A Certified Public Accountant or CPA is a special type of accountant. Officially it's the title of somebody in the United States, who has passed the Uniform Licensed Public Accounting Examination and has met some additional state schooling and experience requirements to get this certification. This test is grueling and requires upwards of one hundred fifty hours of special education.
But what does this mean to you as a small enterprise owner. Do you want a CPA
or will a regular accountant or even a bookkeeper be enough for what you are promoting?
Most individuals use the time period CPA and accountant interchangeably but there's a very big difference. The CPA designation carries a variety of weight within the monetary community and certainly within the accounting profession.
Companies Provided By Certified Public Accountants
In public accounting, these accounting companies provided to a business on a contract basis, a CPA attests to and offers assurances that monetary statements are reasonable and accurate and adhere to usually accepted accounting principles (GAAP). They also attest to the reasonableness of disclosures and that statements are free from "materials misstatement".
As an auditor, a CPA's are required by professional standards and Federal and State laws to maintain independence from the entity for which they're conducting an audit and evaluate, usually called an attestation.
A CPA may work as a consultant, advising firms on settle forable enterprise practices and making recommendations on financial management. Typically these consultants do not work as auditors for a company at the similar time they are performing as consultants.
As part of the certification, a CPA should complete 40 hours of continuous professional training (CPE) every year to keep up with the new guidelines and laws within the monetary, accounting, and enterprise world. This is proof of the high level of expectations of the accounting profession for a Licensed Public Accountant.
Typically a Certified Public Accountant will belong to a state affiliation with the goal of keeping up to date with the accounting community and taking persevering with education classes. In fact tax laws change often and any good CPA will spend time staying abreast of modifications in monetary areas. As a member of a local affiliation they've access to the latest thinking and rules in the accounting area.
Why You Need A CPA
If for no other reason than Tax Planning it's good to have the advice of an accountant. And so far as enterprise management and monetary advice access to a superb accountant could be very desirable.

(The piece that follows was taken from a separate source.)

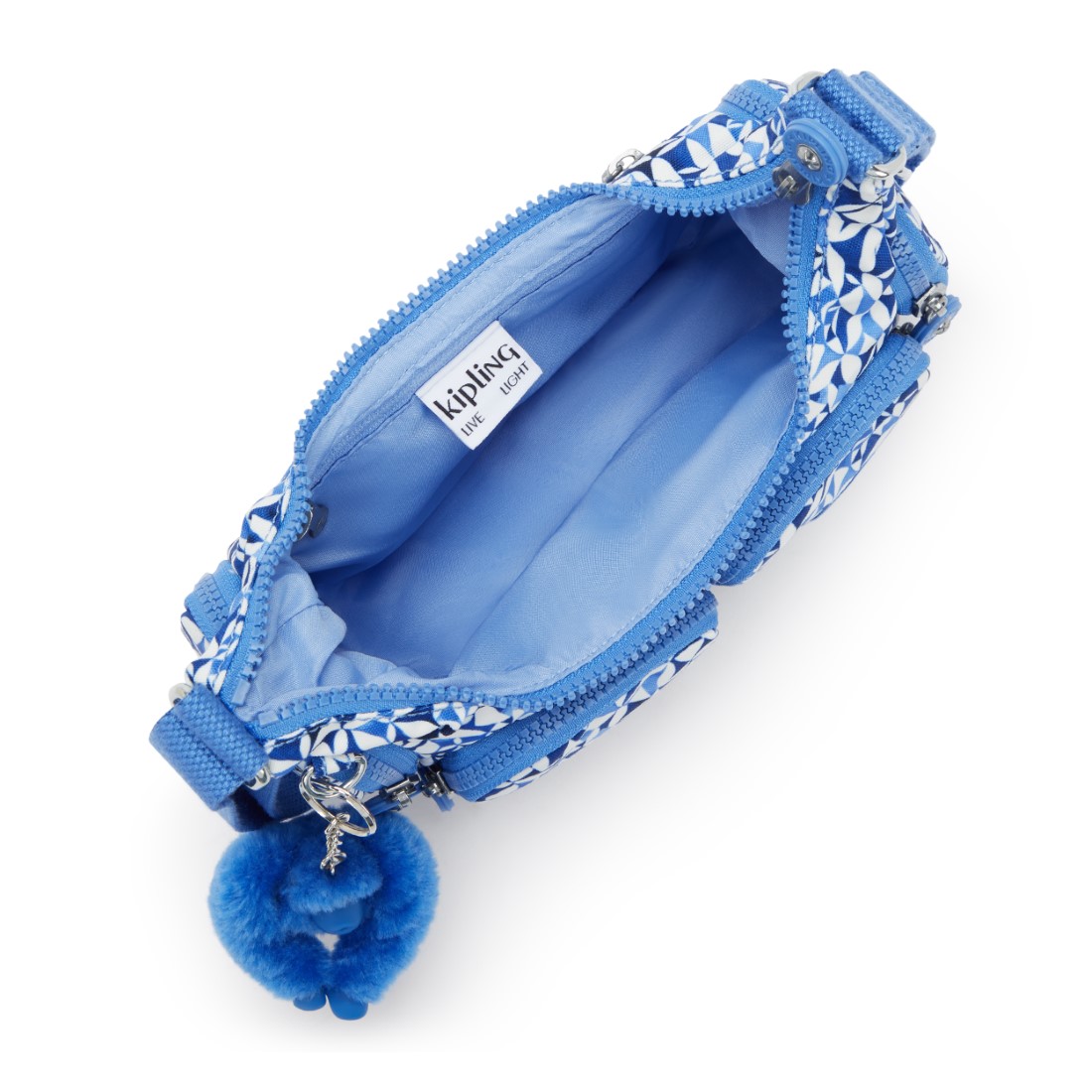 クレイジーリーブス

However does that imply you want a CPA?
In general you possibly can assume that anyone who has taken the time to get licensed as a CPA, and keep that certification, is on the higher levels of the skin poor health set of an accountant. It is a clear credibility booster to be a CPA. If your corporation can afford one of the best than a CPA is worth the money.
However does that imply they're better than a typical accountant. After all not. However it does point out a level of commitment that's price considering. Actually if legal proceedings are required, the reassurance of a CPA will hold more weight than a typical accountant. Again much will depend on the status of the CPA in the community as well. Certainly an audit by a CPA has an implied level of credibility.
And CPA's do a lot more than audits these days. They provide consulting and overall monetary planning not only for small and enormous businesses but in addition for estate planning, investments, and strategic planning.